No sabemos disfrutar, ni relajarnos, ni abstraernos, ni meditar, ni explorar nuestra mente, ni escuchar nuestro corazón. Preferimos una soledad concurrida, mucha gente que sonría, que no se cuestione nada, gente bella y dicharachera que nos vea igual. Entre más homogénea y maleable la masa, menos mediocres nos sentiremos y más a gusto estaremos en la comparsa, que no venga nadie con un silencio atronador a nuestra fiesta, con una pregunta inquietante o con un ataque de ética o una idea blasfema, ni mucho menos con un ataque sensibilidad que amenace nuestra cordura y nuestro equilibrio.

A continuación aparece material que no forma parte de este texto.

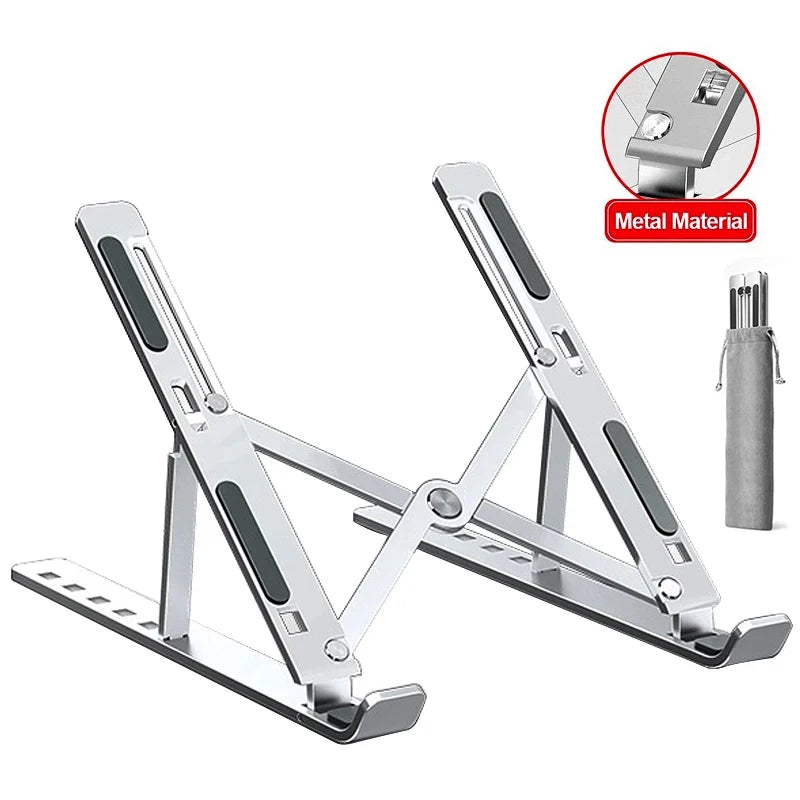 "Adjustable Aluminum Alloy Laptop Stand - Portable, Foldable, and Non-Slip Cooling Bracket for Ultimate Comfort!"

La otra cara de la moneda la conocemos todos los que hemos estado en países de tercer mundo, donde te cruzas a diario con personas que a pesar de su pobreza material, parecen genuinamente felices y tranquilas. Solo después de una estancia prolongada entre ellas nos damos cuenta de la razón: son generosos e intuitivos, tienen muchas ilusiones, te enseñan todo lo que saben, abren su corazón de par en par para que leas en el la historia de su vida personal, y quieren leer la tuya, saben escuchar, no dudan en soñar delante de ti con los ojos abiertos, ni de sonreír ante la adversidad, son gente recia que sabe andar sin prisa bajo la lluvia y en medio de la dificultad te preguntan cómo estás, mirándote a los ojos porque realmente están interesados en saberlo, gente que saben que para ser feliz hay que estar feliz y no tener miedo, ni prisa, y saber jugar y cantar, y emocionarse como un niño ante el Dios de las pequeñas cosas…………..el de la felicidad.